Swedish state-run TV won’t air a new documentary about anti-Semitism and jihad in case it offends the ever growing Muslim population in Sweden.
“Watching the Moon at Night” is a new documentary largely funded by Swedish state broadcaster SVT and tries to tackle the looming questions of anti-Semitism among Muslims and its links to terrorism.
Though the television channel has largely funded the creation of the documentary they are now refusing to air it on Swedish television because critics say they fear a potential backlash from Muslims and the politically correct establishment, reports Danish national paper Berlingske.
Created by acclaimed Swedish film makers Joanna Helander and Bo Persson, “Watching the Moon at Night” has so far seen limited theatrical release in six countries, including numerous film festivals.
It has been described as a film that takes a long, hard and serious look at the methodology and origins of anti-Semitism and terrorism. The documentary proves that there is a link between terrorism and anti-Semitism and that Jews have often found themselves at the mercy of Islamic terrorists as was the case in Paris and Copenhagen.
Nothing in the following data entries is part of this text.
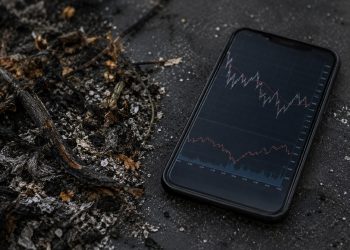 Close-up of charred vegetation and ash beside a smartphone displaying generic market-style lines.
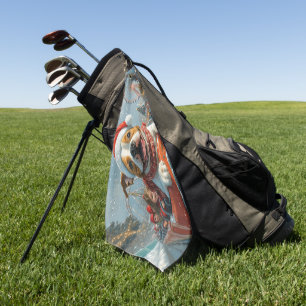 American Staffordshire Dog Christmas Golf Towel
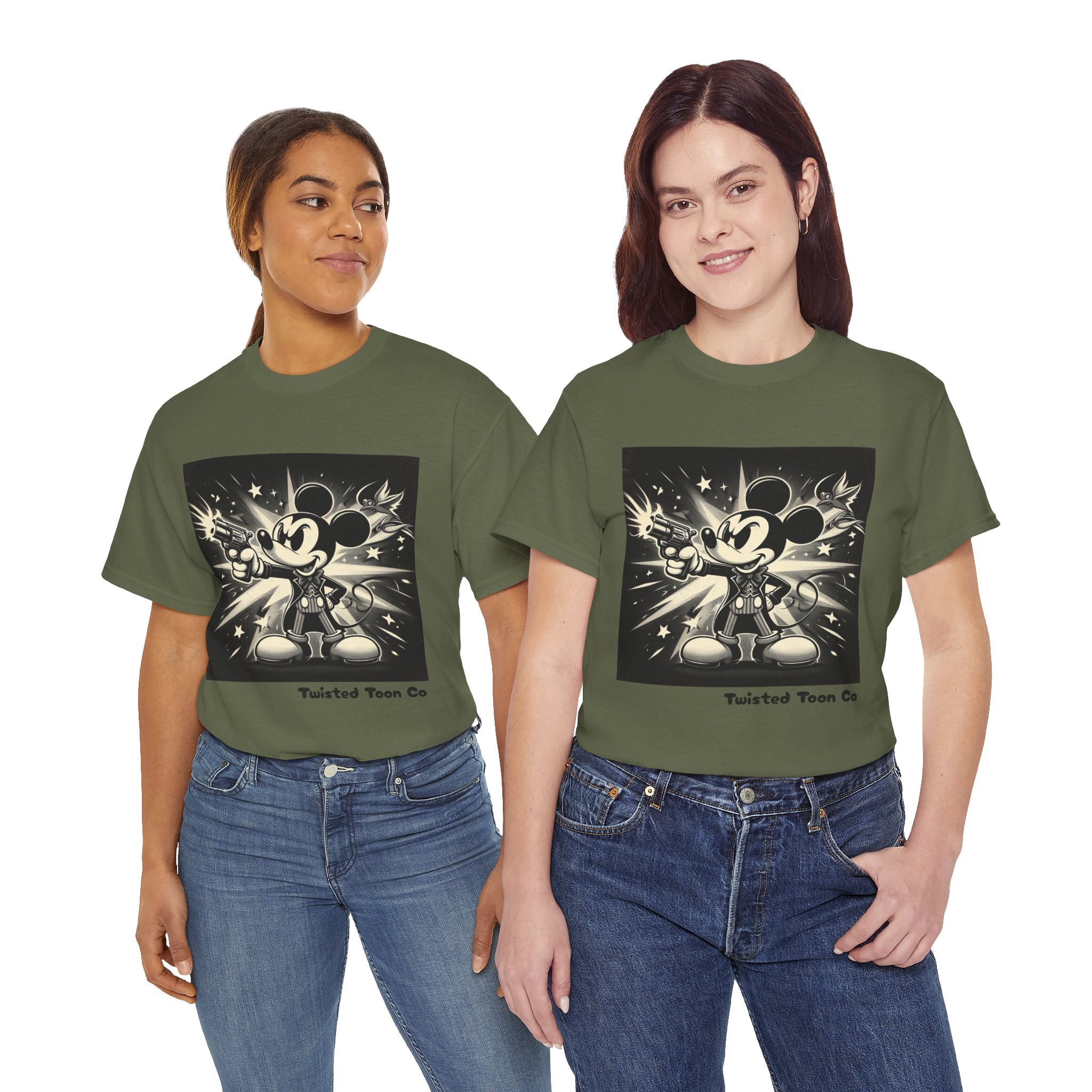 Vintage Cartoon Mouse Graphic Tee — Retro Noir Mickey-Style Shirt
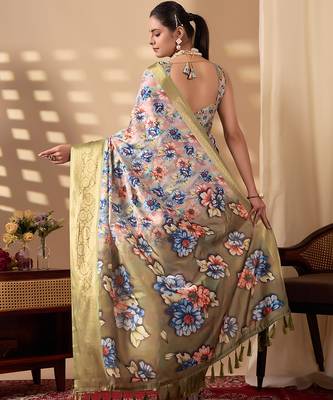 Olive soft lichi silk floral print designer printed‐sarees with contrast blouse 4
The move to not show the film is usual for SVT, who almost always broadcast projects that they have financed. SVT declined to purchase the rights to show the film in Sweden, followed by two Swedish film festivals who also opted to drop the production.
Marianne Ahrne, former film consultant at the Swedish Film Institute who initially green-lit public funding for the documentary, stated that the production met with trouble from the very start. She claims that the funding was approved and then made subject to conditions saying that SVT put in “one formal obstacle after another”.
Director Bo Persson confirmed the claims of Ms. Ahrne, stating that it was the SVT project manager Lars Säfström in particular who was making obscure demands in order to secure the funding.
Mr. Persson said that Mr. Säfström wanted the documentary to be more anti-American and anti-Israeli saying: “He tried to influence the film’s content,” and that “for us it was totally unacceptable that he should interfere in the content”.
Axel Arnö, head of SVT’s documentary department, fired back at accusations made by the pair claiming that the documentary was dropped because it didn’t fit in with their standards saying that the production was more of an essay than a piece of serious journalism meaning it was attempting to prove a point rather than document reality.
Several critics in the Swedish media blasted the comments from Ms. Arnö and SVT accusing them of bowing to political correctness. Erik Helmerson from the newspaper Dagens Nyheter wrote:
“Islamophobia is feared more than showing that terrorism is committed in the name of Islam. Therefore, I think that a film like ‘Watching the Moon at Night’ creates nervousness and unrest.”
SVT has been the subject of accusations of progressive left wing bias before after a handbook was leaked showing how journalists in the company are supposed to act to fit a progressive narrative.
The handbook encourages journalists to avoid words like “immigrants” and call migrants “people on the run”. One SVT journalist took the narrative so far that he was arrested for smuggling a migrant into Sweden earlier this year.